A case in point: the exhibition’s final section, “Degas After Manet,” contains a small photograph, “Self-Portrait with Paul-Albert Bartholomé” (c. 1895–97), that Degas, always the restless experimenter, made with a glass negative. In the photo, he sits behind and to the right of his artist friend Bartholomé, directly below the vandalized “Monsieur and Madame Édouard Manet,” which hangs in a pride of place on the wall, right beside Manet’s “The Ham” (c. 1875–80). By that time, the picture had been in Degas’s possession for nearly 30 years.
But the portrait of Manet sans Madame Manet is not as we find it in the exhibition, with a length of canvas replacing the missing space. Rather, it’s in a vertical frame that aligns with the path of Manet’s razor. The impression is such that the truncated figure at the piano had been part of Degas’s conception all along, and that it didn’t matter whether Suzanne was completely there or not — despite the artist’s talk of restoring her image — as long as the forms interacted intuitively.
“Monsieur and Madame Édouard Manet” is treated as a pivot point in the exhibition and in the commentary surrounding the show, with the consensus being that Manet was offended by Degas’s presumably unflattering portrayal of Suzanne or, as Jackson Arn suggested in The New Yorker, the unflattering portrayal of his marriage.
But the violence of Manet’s response seems outsized even for that, as if stemming from a threat of a different order. Perhaps it was the suspicion that Degas’s technical finesse and psychological dynamism surpassed anything he could bring to the table; or perhaps it was a creeping horror of Degas’s worldview — emotionally exhausted, borderline nihilistic, nothing like the masterpiece tradition in which he so fervently believed.
The artists’ aesthetic incompatibility can be gleaned from the psychic distance between the daydreamer pictured in Manet’s “Plum Brandy” (c. 1877) and the stupefied demimondaine of Degas’s “In a Café (The Absinthe Drinker)” (1875–76). Could Manet have been trying to plant a flag in his own territory by painting a corrective, the pretty but stolid “Madame Manet at the Piano” (c. 1868–69), while “Monsieur and Madame Édouard Manet” was still in his possession?
In his insightful review of Manet/Degas for Art in America, Barry Schwabsky compares the titular artists to Georges Braque and Pablo Picasso, making the point that:
Édouard Manet and Edgar Degas were never in any sense collaborators “roped together like mountain climbers,” as Braque recalled of the Cubist era. They were comparable, rather, to Picasso and Henri Matisse: rivals who could hardly take their wary yet admiring eyes off each other.

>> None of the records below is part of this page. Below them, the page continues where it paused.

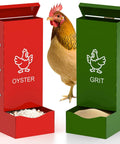 Heavy Duty Metal Chicken Feeder And Oyster Shell Dispenser in red and green, ideal for poultry flocks, durable design.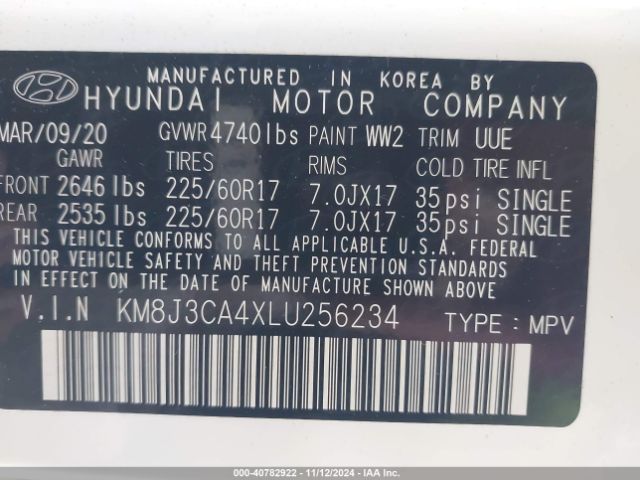 Photo 8 VIN: KM8J3CA4XLU256234 - HYUNDAI TUCSON 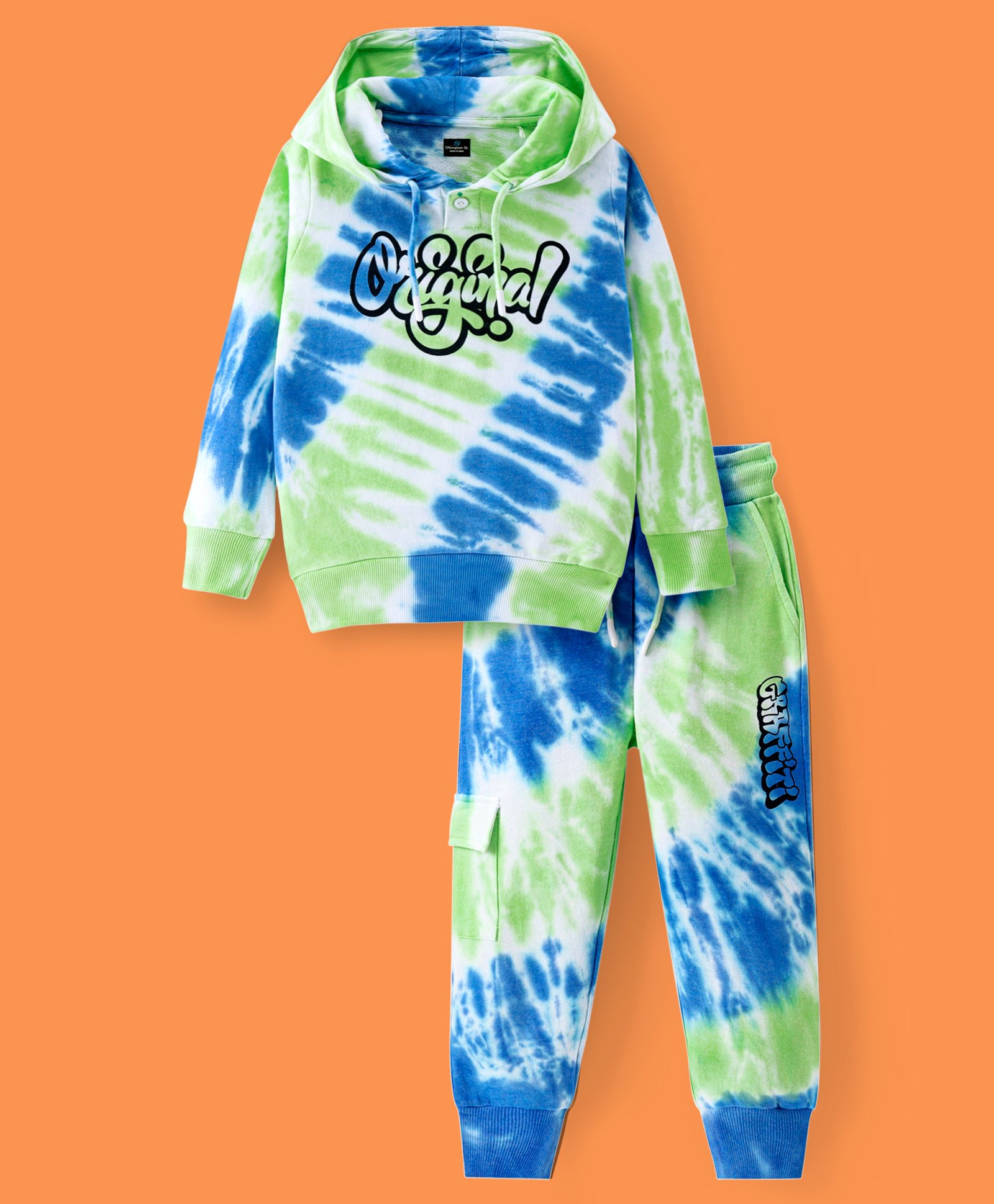 Ollington St. 100% Cotton Knit Full Sleeves Hooded Tie & Dye Sweatshirt & Joggers Co-Ord Set With Text Print - Multicolor-picture-24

They also completed one another, something that Degas seemed to understand after Manet’s death. What’s fascinating about the show is the degree to which the work of each artist seemed to possess whatever the other lacked — a helical dance of surface, structure, experimentation, strategy, and accident that would ultimately coalesce, as Western civilization imploded, into a hitherto unknown realm of chaos, control, and freedom.

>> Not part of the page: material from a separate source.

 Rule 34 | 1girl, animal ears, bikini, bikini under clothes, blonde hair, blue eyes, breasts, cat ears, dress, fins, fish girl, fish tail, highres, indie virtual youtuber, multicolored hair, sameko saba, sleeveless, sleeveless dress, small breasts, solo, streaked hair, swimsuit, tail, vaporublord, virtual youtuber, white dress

Manet/Degas continues at The Metropolitan Museum of Art (1000 Fifth Avenue, Upper East Side, Manhattan) through January 7. The exhibition was organized by The Met and the Musées d’Orsay et de l’Orangerie, Paris, and curated by Stephan Wolohojian, John Pope-Hennessy, and Ashley E. Dunn at The Metropolitan Museum and Isolde Pludermacher and Stéphane Guégan at the Musée d’Orsay.